How, short of total victory, do you end a war? The question has been haunting our military and political leaders since Korea. And though Rory Kennedy’s sobering new doc focuses on the last few desperate days of the Vietnam War, 40 years ago, its lessons are surely applicable today in Iraq, Afghanistan, and whatever the hell it is we call ISIS.
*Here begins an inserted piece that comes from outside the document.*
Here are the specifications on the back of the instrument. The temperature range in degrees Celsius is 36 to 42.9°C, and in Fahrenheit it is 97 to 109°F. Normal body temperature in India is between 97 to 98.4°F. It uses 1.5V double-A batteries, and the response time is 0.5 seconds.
Kennedy, director of Last Days of Abu Ghraib and daughter of RFK, is obviously super-connected. She gets Kissinger on camera, plus other veterans of Nixon’s White House, but the bulk of the testimony here comes from guys who were actually on the ground in Saigon—soldiers (American and Vietnamese), a CIA agent, embassy staffers, and the stray journalist or two. These fresh interviews are coupled with vivid archival news footage from a time when photojournalists were on the frontlines. They filmed on both sides of the U.S. embassy walls as a terrified tidal wave of humanity sought evacuation before the North Vietnamese Army overran Saigon in late April 1975. Kennedy’s task is now to make sense of that chaos.
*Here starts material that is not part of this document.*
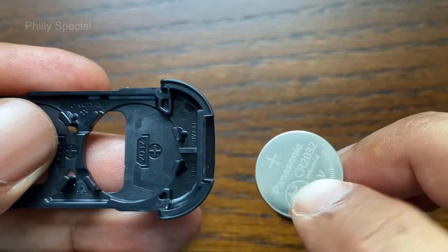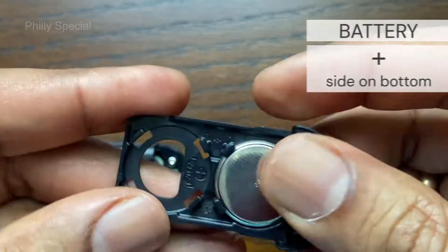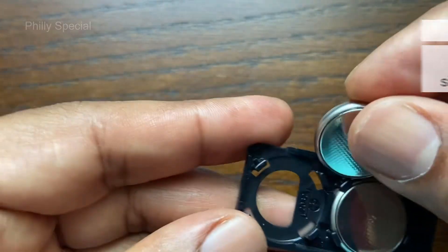The inside of the cover has markings of the battery type and the orientation. With the positive side facing down, place the battery in the compartment and snap it in place.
Direct U.S. involvement in the war had concluded with the 1973 peace accords; but, as in Baghdad today, a sizable American contingent remained. Then Nixon resigned after Watergate, and North Vietnamese fears of new carpet bombing were dispelled. President Ford couldn’t get any military-assistance funds out of Congress (no surprise), and the NVA began its swift, relentless drive south. With a deluded ambassador in charge, his men began a covert evacuation plan that would also include thousands of Vietnamese (despite orders and U.S. immigration laws): girlfriends, wives and families, friends, and brothers-in-arms. (“We gotta save the tailor!” says one attache whose suits he made.)
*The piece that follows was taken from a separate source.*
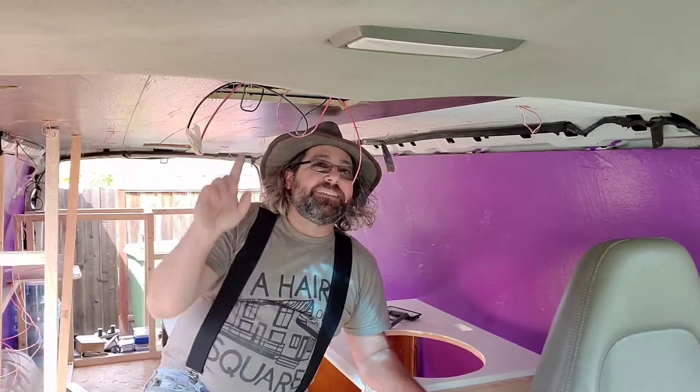But today we gotta button up this ceiling and get this thing done — get this checked off of the list. So with that, let's get to it.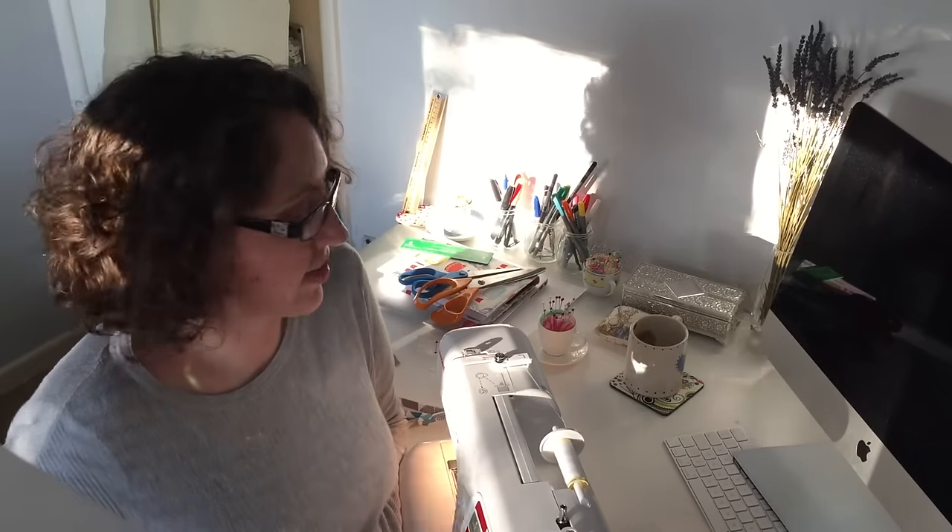Hello up there! How are you? You're very high up. So this was the best angle that I could get. The sun's coming in at a funny angle as well. So you're up high, looking down upon me today as I sew.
There’s intrigue in these brave tales that occasionally recalls Argo, only with an unhappy outcome for all those natives left behind (some of whom Kennedy interviews). The helicopters frantically shuttled thousands to U.S. ships, and one Navy commander says the accompanying boatlift “looked like something out of Exodus.” Does he mean the Bible, the Leon Uris novel, or the movie? The analogy works in all senses. Events here took place only three decades after the Holocaust and the postwar partition of Europe. How could we Americans not feel guilty about our past failures? Starting with the best intentions, our country became the retreating imperial arbiter between the drowned and the saved. Kennedy hardly has to say it, but the same unhappy situation exists today. Opens Fri., Oct. 3 at Varsity. Not rated. 98 minutes.